Woods has re-entered the real world via the unreal world that is the Masters Tournament. This makes perfect sense to me, as do all of the things that deliver us to the place where we can drop the subject.

I am not sure who the audience is for this, though, and why Team Tiger must perpetuate an unfortunate pander that the public ought to have a say in how Woods behaves.

Woods is a business with human frailties who must, for the sake of business, do damage control. It truly is not personal, it's business. But it is also unseemly. He's is trapped in a scene from "The Crucible."

Of course it's right to be faithful. Woods made that promise to his wife, and promises are more important than the law: We make them because we want to, not because we have to. But relationships are an entirely private matter. When we give strangers discretion over our own choices we are just asking for such things as bans on gay marriage.

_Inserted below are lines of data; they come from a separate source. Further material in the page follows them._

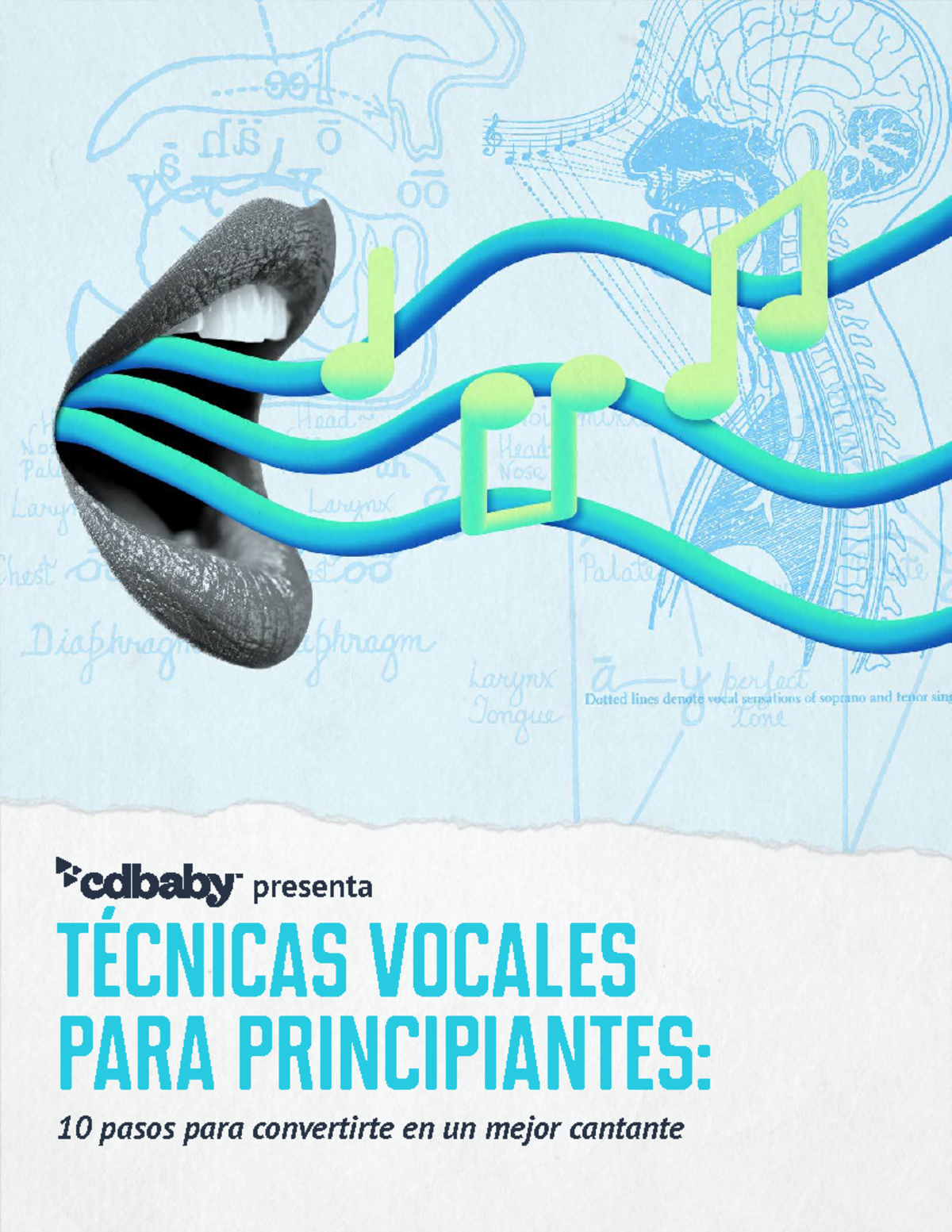 Técnicas Vocales para Principiantes: Mejora tu Canto en 10 Pasos - Studocu
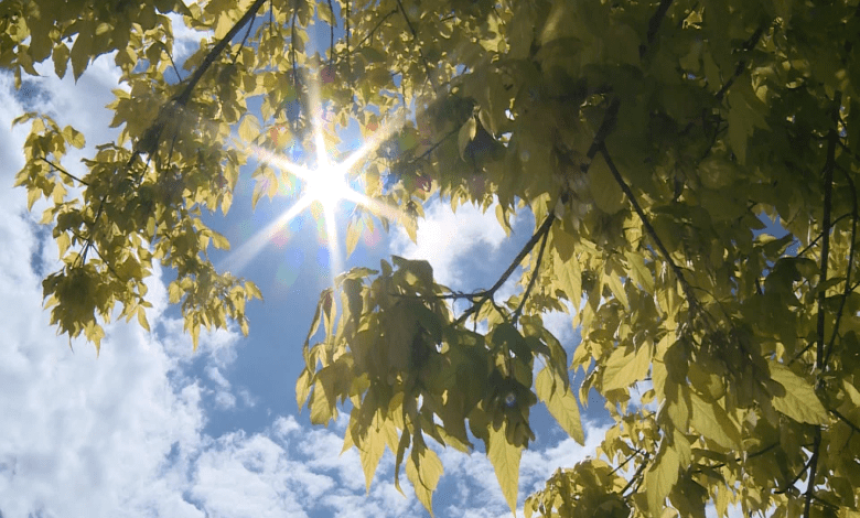 Danas sunčano uz porast dnevne temperature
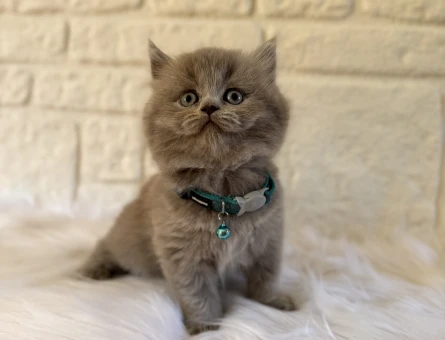 British Longhair Erkek 2 Aylık Topaç Kafa Yavrumuz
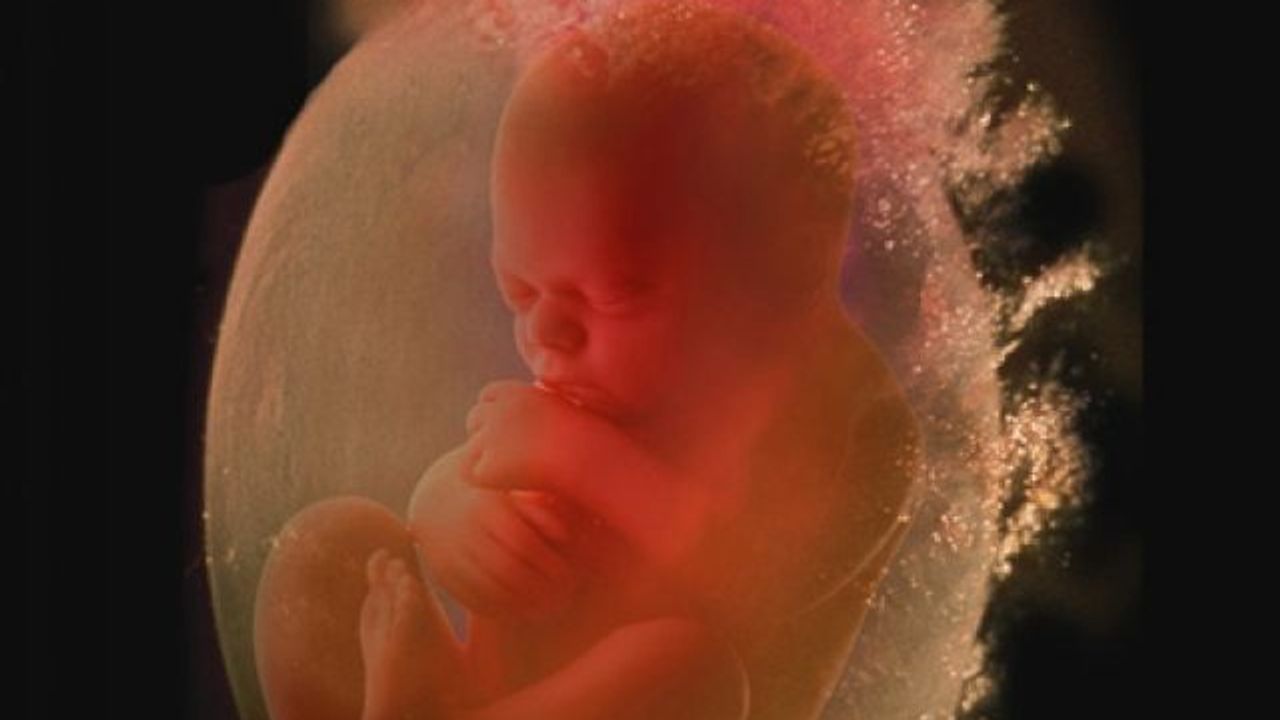 12 недель видео. Снимки ребенка в утробе матери.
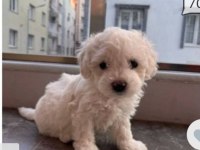 Sevimli yavrum maltipoo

How's the ad? Great. Fantastic. Daring. Brilliantly produced. Elegant in its spare concept. Masterful in the use of Woods' lecturing, and deceased father, speaking in an entirely different context (or several?) who knows when.

What I see is a man humiliating himself for money. The ad proves that Woods is no longer able to do whatever he wants to do, because he used to. He hurt a finite number of people, all of whom he knows personally and none of whom need to see this video on YouTube in which Woods the younger gets second billing to his stern mentor.

Woods didn't cheat on and lie to me, but because other strangers wagged their fingers at him he has to at least act contrite for public consumption.

I would prefer a John Proctor moment. Or for the entire thing to just go away.